Monday, March 3, 2008
Chavez’ blustering about war with Colombia and whatnot hasn’t apparently impressed Uribe all that much. Colombian troops remain demobilized (or anyway as demobilized as Colombian troops are likely to get). The thing about picking a fight with Colombians, however, is that they don’t back down (Exhibit A: War on Drugs), nor do they fuck around very much.
So while Uribe is playing it cool, he’s also remembering that his army is twice as big as Chavez’, plus they’re battle-hardened. No one realistically expects this to come to blows, unless Chavez has really been hitting the stupid.
But remember that even if it doesn’t, Colombia still isn’t fucking around. Hence, when presented with fightin’ words from Ecuador and Venezuela, Colombia sat back and revealed that Ecuadorean officials have been hanging out with the FARC (confirmed by Ecuador) and Venezuela has funneled $300 million to the FARC.
Ouch. This is bound to get more interesting.
But for now, in the spirit of alleviating tension, I recommend this cartoon of talking Mexican eggs getting drunk.
Sunday, March 2, 2008
Two posts in a row about The Nation is a little much, but please indulge me, these are exciting times. The navel-gazers there have finally figured out that, gee, you know what? Chávez might not have good intentions after all!
For more than five years, Chávez has exploited the events of (the) April 11 (2002 coup against him) much the same way Bush has exploited September 11: as a basis for expanding executive power. The coup has provided the main justification for purging the military, packing the Supreme Court, removing RCTV from the public airwaves and, most recently, proposing a constitutional amendment that would empower the president to suspend due process rights indefinitely.
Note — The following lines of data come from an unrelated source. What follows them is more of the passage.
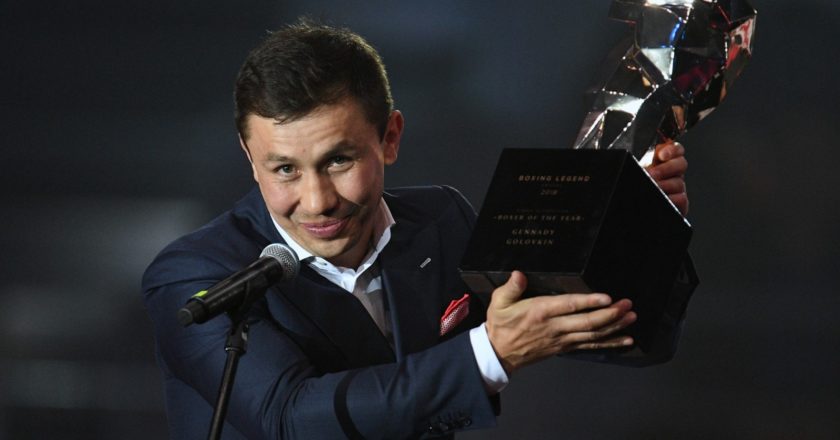 Лауреат премии "Легенда бокса" в номинации "Боксер года" чемпион мира в среднем весе по версиям WBA (Super), IBF и WBC Геннадий Головкин. Нина Зотина / РИА Новости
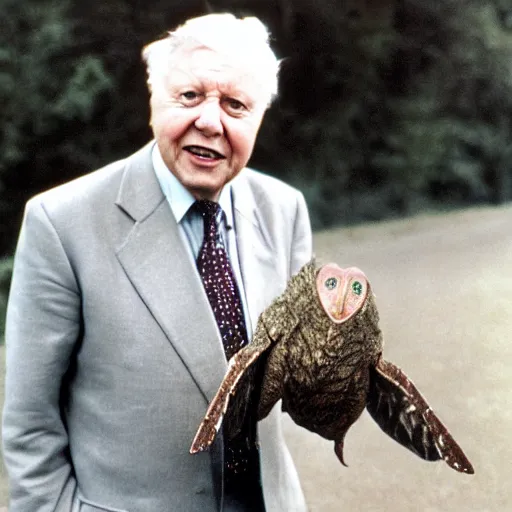 Prompt: Sir David Attenborough holding Mothman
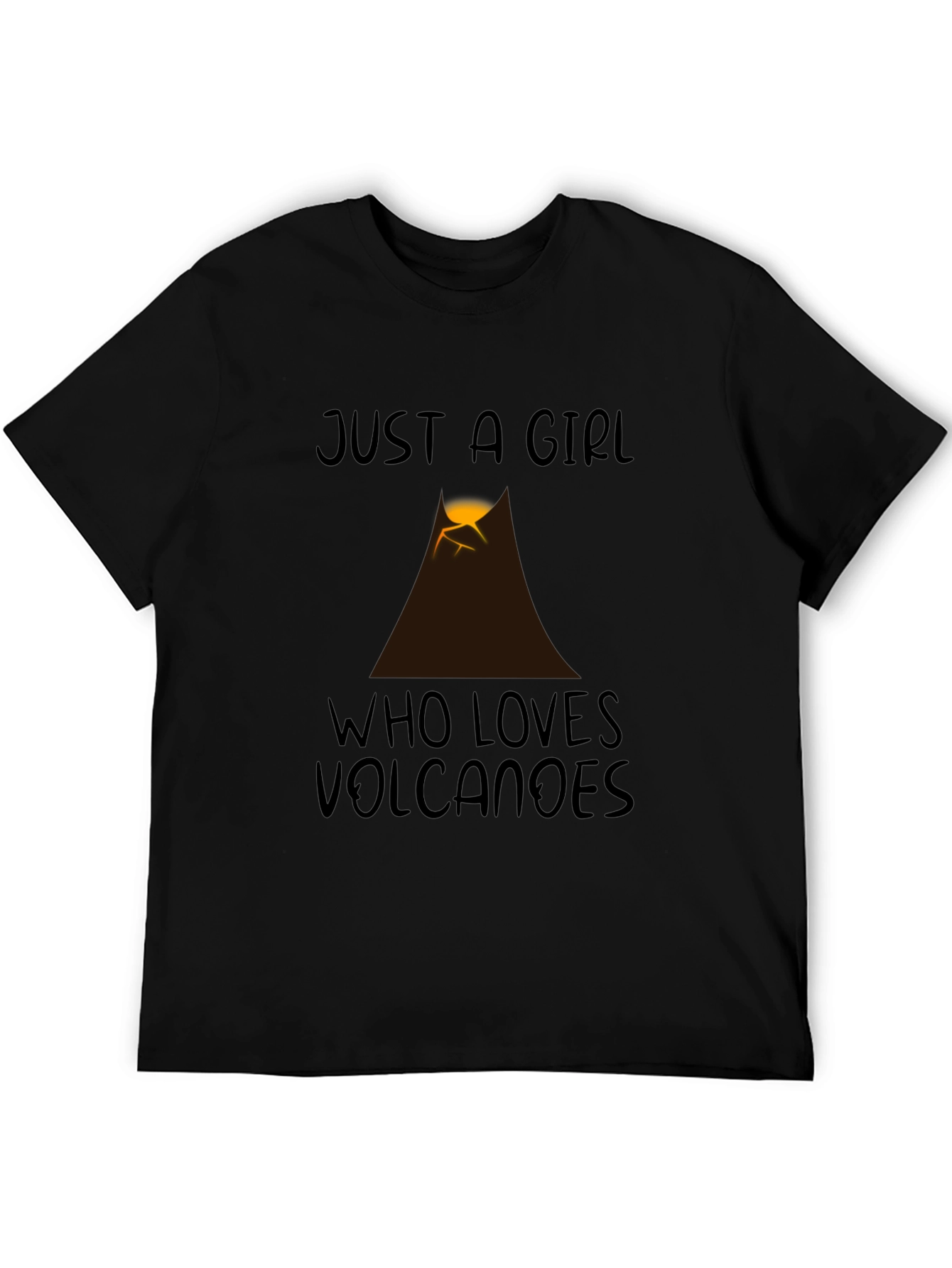 Black Just a Girl Who Loves Volcanoes Graphic Tee view 5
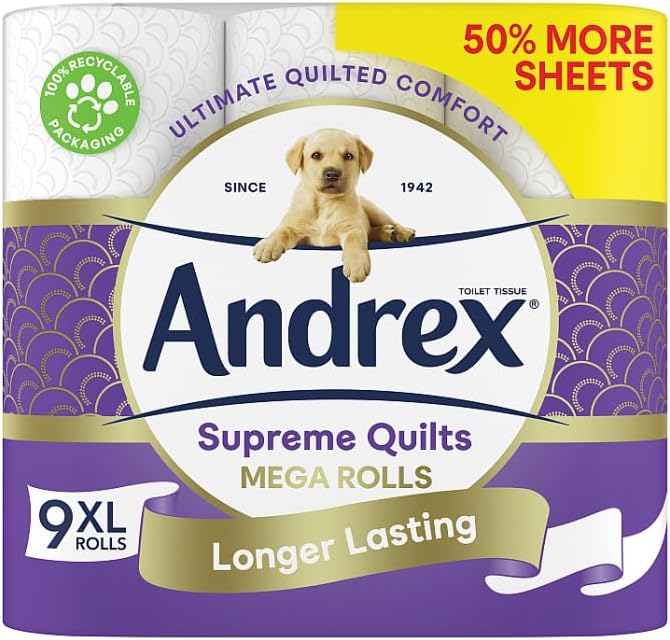 Andrex Supreme Quilts Mega-Toilettenpapier – 9 Rollen (entspricht 13,5 Standardrollen) 6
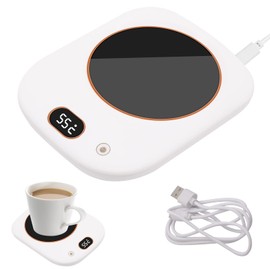 HASAIKA Cup Warmer, Home and Office Drink Warmer with 3 Temperature Settings, USB Coffee Warmer for Heating Coffee, Milk, Tea, Cocoa, White, 10.5 x 14 x 2 cm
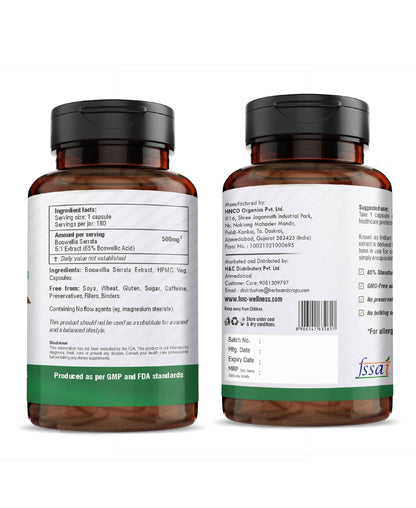H&C Boswellia Serrata 500mg Capsules | High Strength 5:1 Extract (2500mg Equivalent) | 65% Standardised Boswellic Acid | 180 Veg. Capsules - HNW GLOBAL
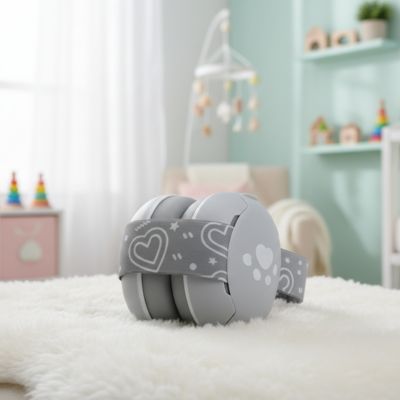 Casque anti bruit bébé gris cœur sur lit blanc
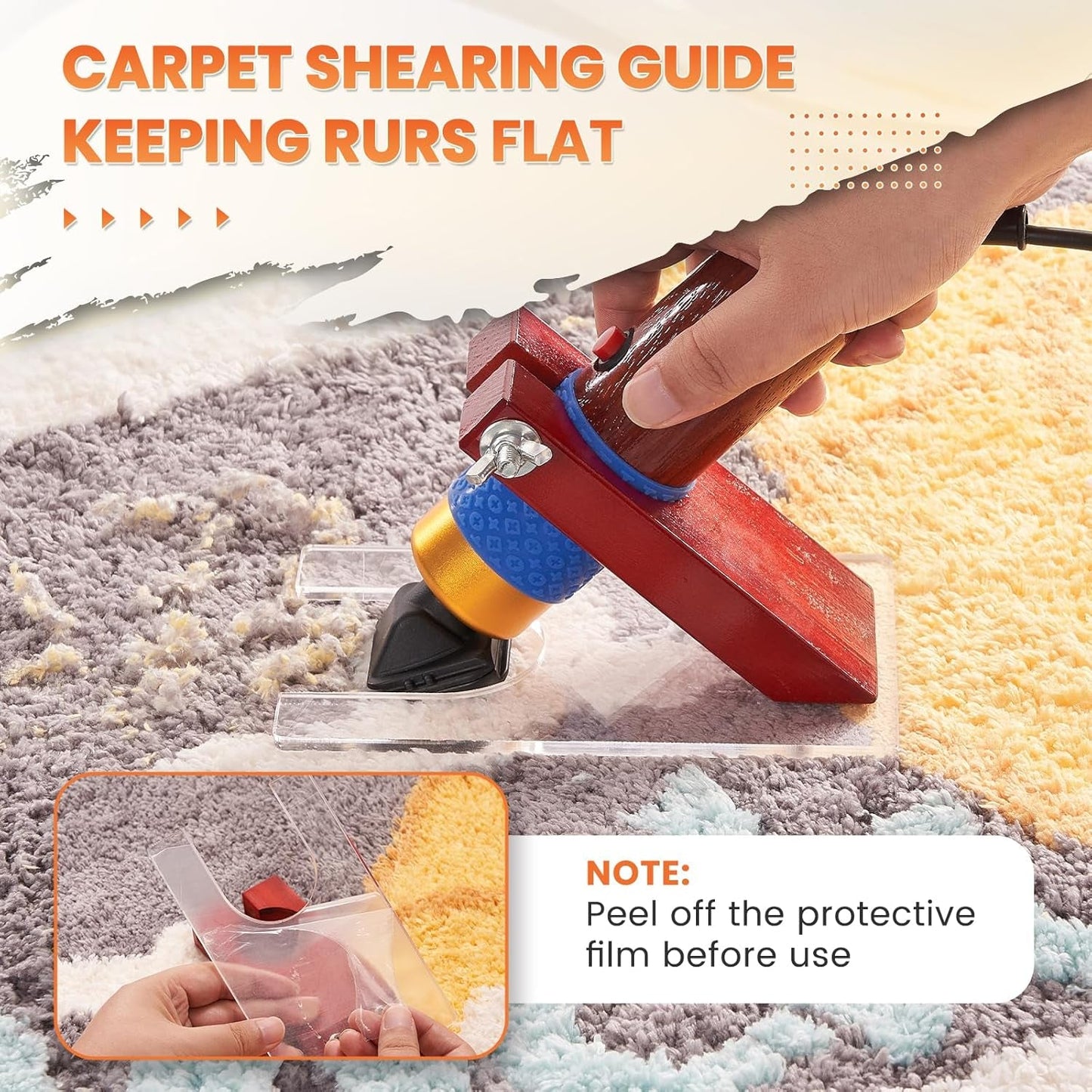 Riiai Tufting Gun Starter Kit with Tufting Frame 2025 New, Tufting Gun Cut Pile & Loop Pile, Tufting Frame 29.5”X 29.5”, 200W Carpet Trimmer-Rug Tufting Gun Making Kit for Rug Tufting（ Orange）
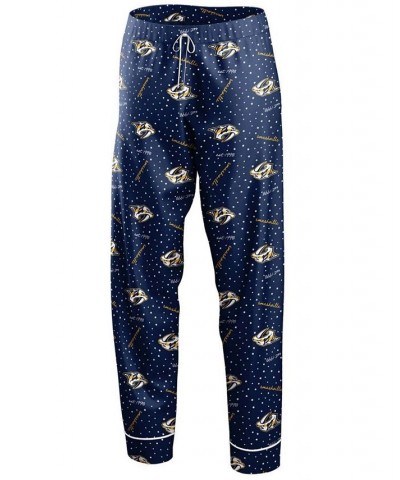 Women's Navy Nashville Predators Long Sleeve Button-Up Shirt Pants Sleep Set Navy $35.69 Pajama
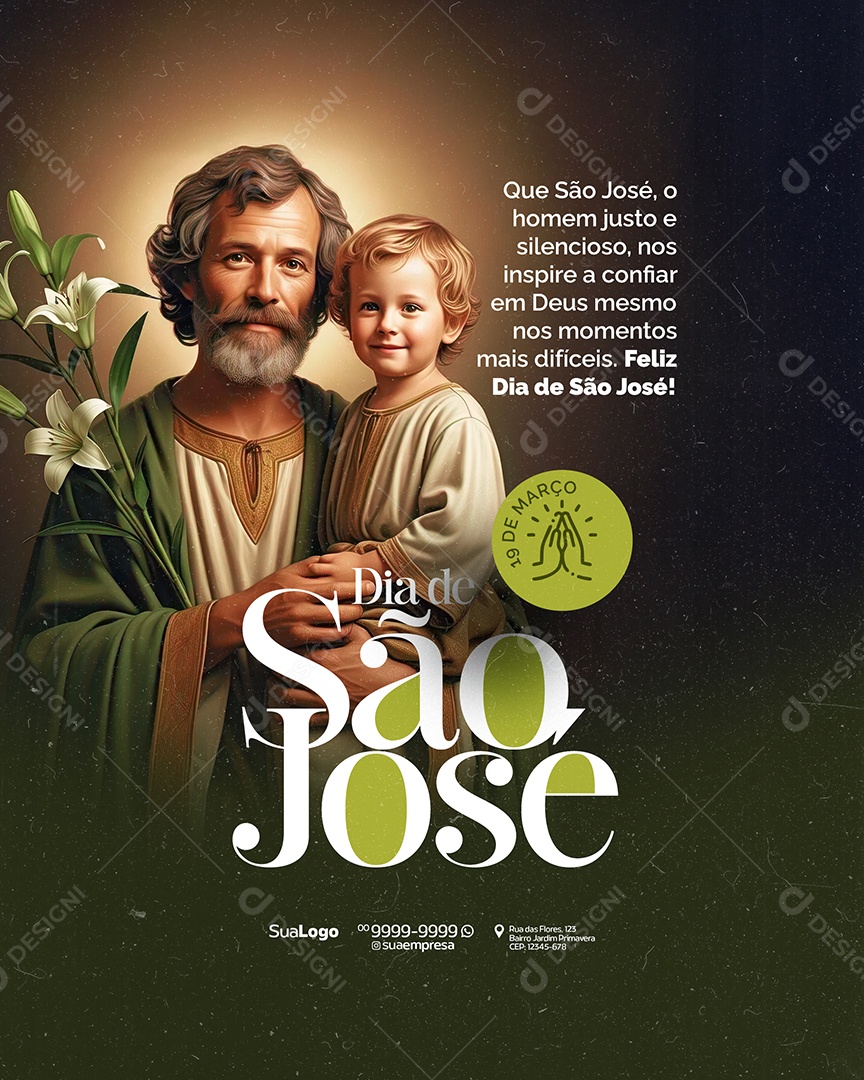 Dia de São José 19 de Março Social Media PSD Editável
Chávez and his supporters have repeatedly condemned presumed coup supporters in the court of public opinion but have shown less interest in trying them in a court of law. In this sense, they have proven themselves to be, like many of their opponents, more concerned with pursuing power than promoting the rule of law.
Coincidentally, they’ve figured this out just in time for Chávez to send troops to the Colombian border. Better late than never, I suppose. Conspicuously missing from The Nation’s 80,000-word Damascus moment, however, is any mention of how everyday life in Venezuela has more or less gone to hell in the last nine years - 20% inflation, food rationing, rampant kidnapping, etc.
It’s understandable. Those details are easy to miss from an office building in Manhattan.
(Full disclosure! I interned at The Nation. And while there, I engaged in so many vein-bulging arguments where I said basically exactly what this guy says in this article, but a year earlier. I just have to take a moment to revel a little bit. Ahhhh. Thanks for reading.)
Saturday, March 1, 2008
It’s not so often the editor of The Nation and I agree on something, so mark your calendar. Katrina vanden Heuvel writes in Newsweek (yes, Newsweek still exists) that the recently-deceased William F. Buckley was a damn fine representative of conservatism, even if, in the end, his ideas were kind of repugnant. (For the record, I sort of beat Katrina to the punch on that chestnut by a couple weeks.)
Money ‘graph:
Despite his uncompromising conservative beliefs, Buckley reveled in transpartisan friendships, most notably with the late John Kenneth Galbraith. (One of Galbraith’s favorite phrases—”Modesty is a vastly overrated virtue”—may well have been coined to describe his skiing partner Buckley.) While he could deploy a sometimes vicious wit—which could descend into cruelty—Buckley disdained the kind of partisan shoutfests that too often pass for political debate on our TVs today.
Perhaps the best lesson to be drawn from Buckley’s many “transpartisan” friendships is that the left, like everyone else, has always remained more status-conscious than principled.